Member of the House of Representatives of Cyprus
- In office March 2008 – 2021

Personal details
- Born: 18 July 1954 (age 71) Avgorou, Famagusta District, Cyprus
- Party: AKEL
- Occupation: Politician

= Skevi Koukouma Koutra =

Cypriot politician (born 1954)

Skevi Koukouma Koutra (Greek: Σκεύη Κουκουμά Κούτρα; born 18 July 1954) is a Cypriot politician who served as a member of the House of Representatives of Cyprus from 2008 to 2021. She is a member of the Progressive Party of Working People (AKEL).

== Early life and career ==
Koukouma Koutra was born in Avgorou, Famagusta District, Cyprus. She completed secretarial studies and received a diploma in architectural design in the United Kingdom.

In 2010, Koukouma Koutra was named president of the Pancyprian Federation of Women's Organizations (POGO). She has also served as vice president of the Women's International Democratic Federation. In July 2023, she attended a conference in Belgium organized by Global Women for Peace United Against NATO.

In April 2024, Koukouma Koutra co-founded the Cyprus Women Bi-Communal Coalition, an advocacy group focused on the inclusion of women in the Cyprus peace process. Other founding members included Anna Koukkides-Procopiou, Ayşegül Baybars, Doğuş Derya, Erato Kozakou-Marcoullis, Jale Refik Rogers, Katherine Clerides, Mine Atlı, Praxoula Antoniadou, and Stefi Drakou.

== Political career ==
In 1990, Koukouma Koutra became a member of the AKEL Central Committee. In 2008, she was elected to the House of Representatives, representing the Famagusta District as a member of AKEL. She was re-elected in the 2011 and 2016 elections.

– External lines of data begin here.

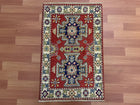 2'X3' Hand-Knotted Chobi Wool Area Rug - Red/Multi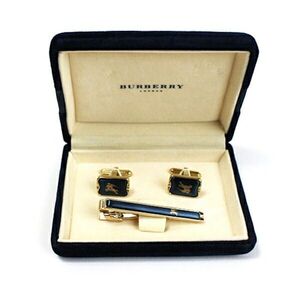 ★ バーバリー ネクタイピン＆カフス セット ゴールド×ネイビー 中古 Aランク BURBERRY ｜アクセサリー メンズ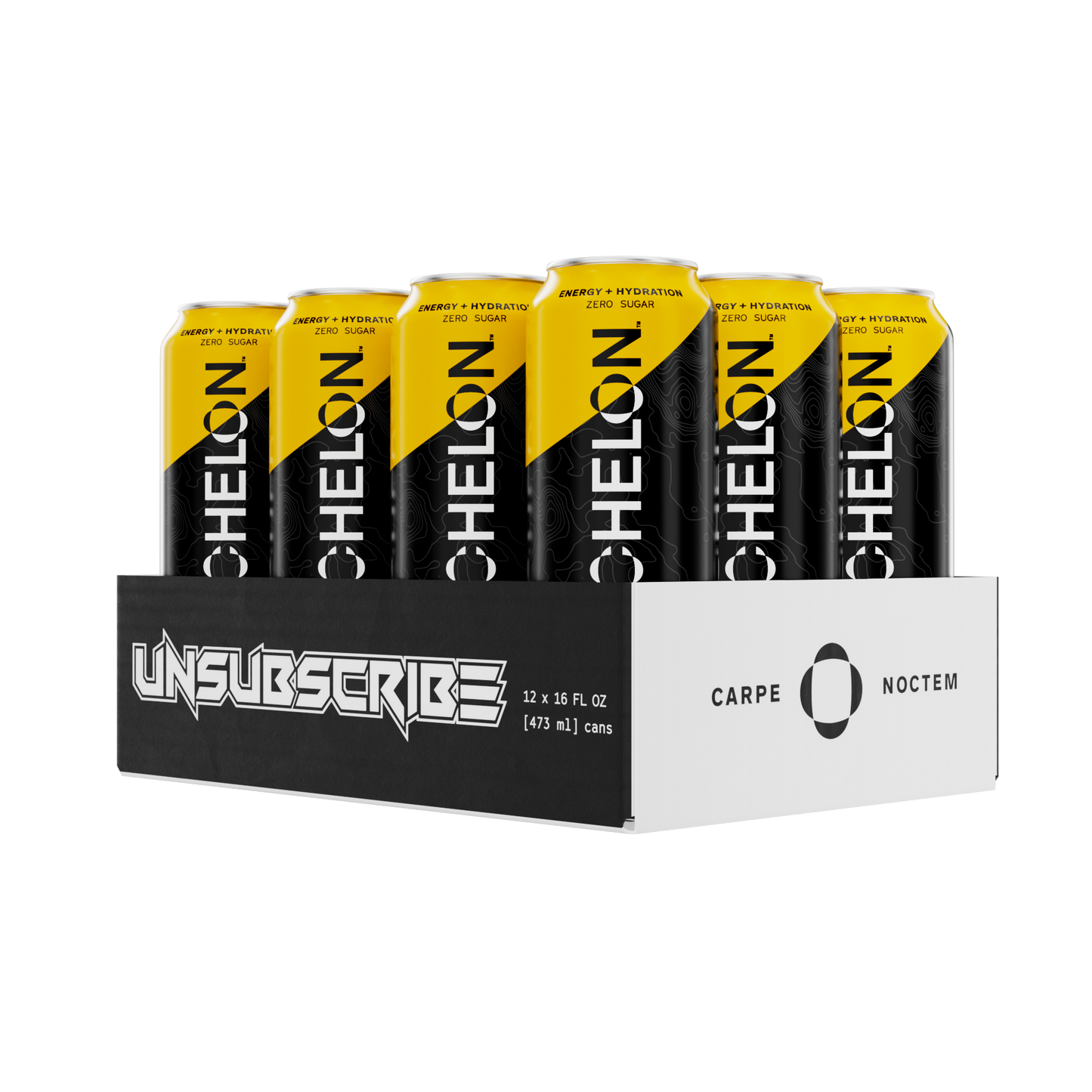 Box of Echelon Double Tap energy drinks in a black and white cardboard tray displaying the Unsubscribe Podcast logo.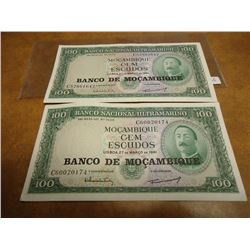 2-1961 MOZAMBIQUE 100 ESCUDOS AU+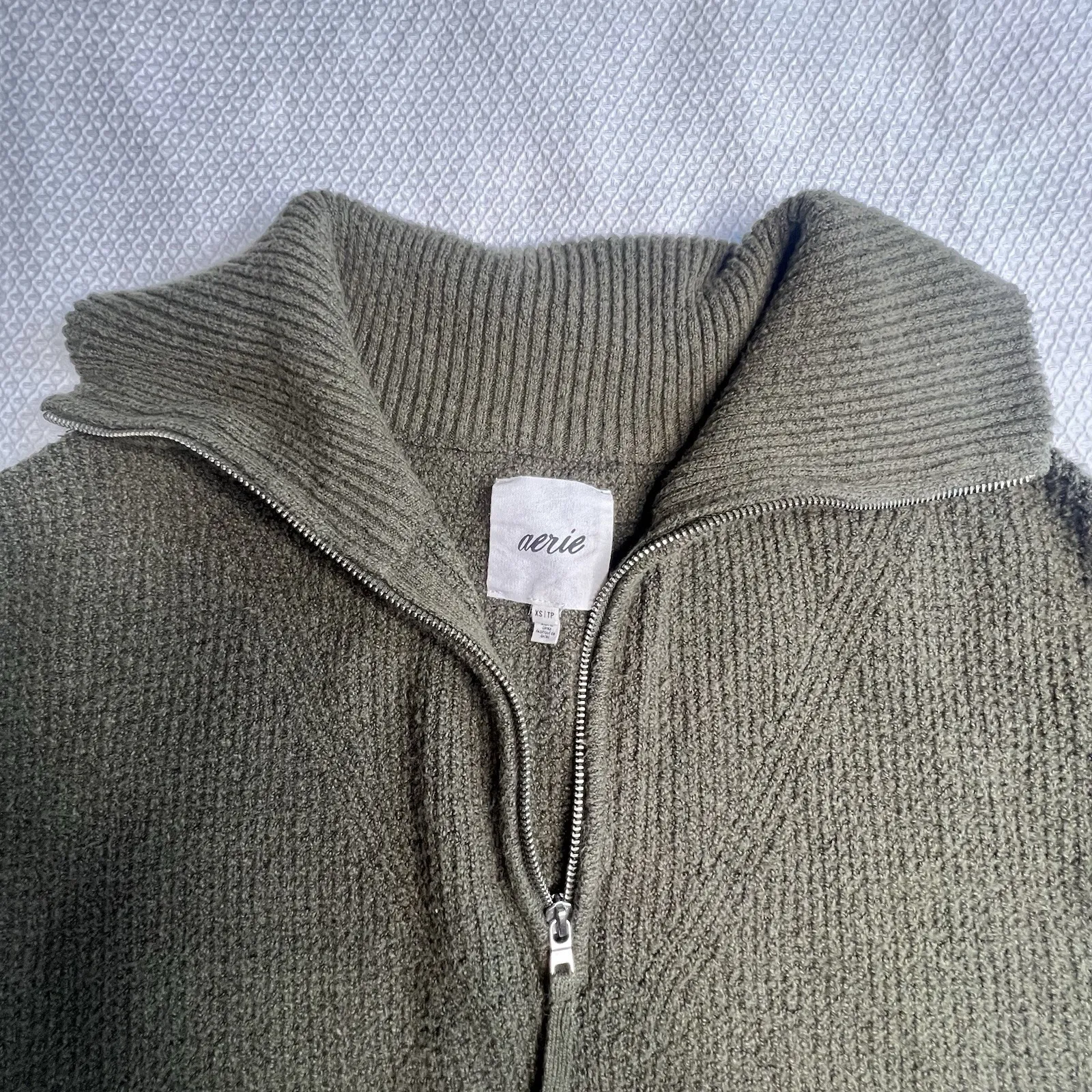 Aerie Cozy Up Waffle Quarter Zip Sweater Oversized Mock Neck Top Woman's Size XS - Image 3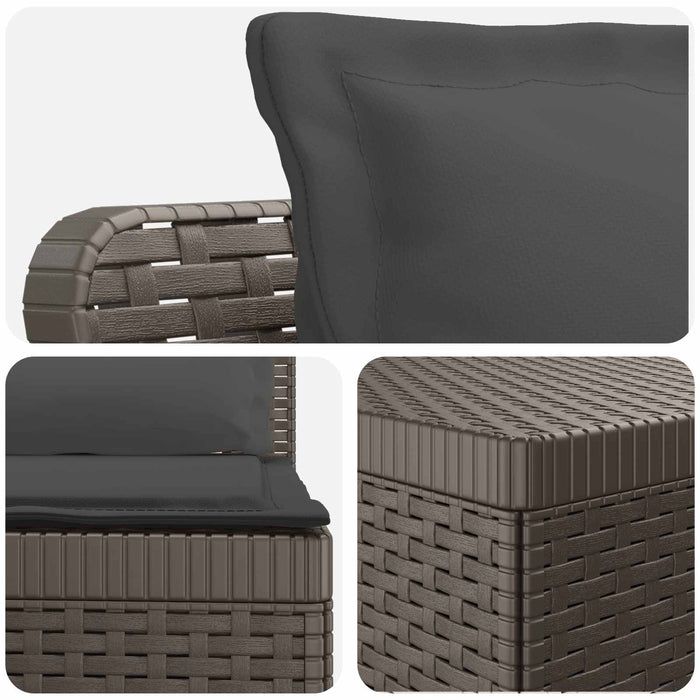 Sofa de grădină cu 5 locuri cu perne aspect rattan PP WALTI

During her tenure, she served as chair of the Parliamentary Committee on Refugees, Enclaved Persons, Missing Persons and Adversely Affected Persons, and as deputy chair of the Committee on Labour, Welfare and Social Insurance. She was also a member of the committees on the interior, human rights and equal opportunities, public expenditures, and foreign affairs.

In 2020, Koukouma Koutra supported a bill proposed by AKEL that would criminalize prostitution, describing it as the "oldest form of violence against women."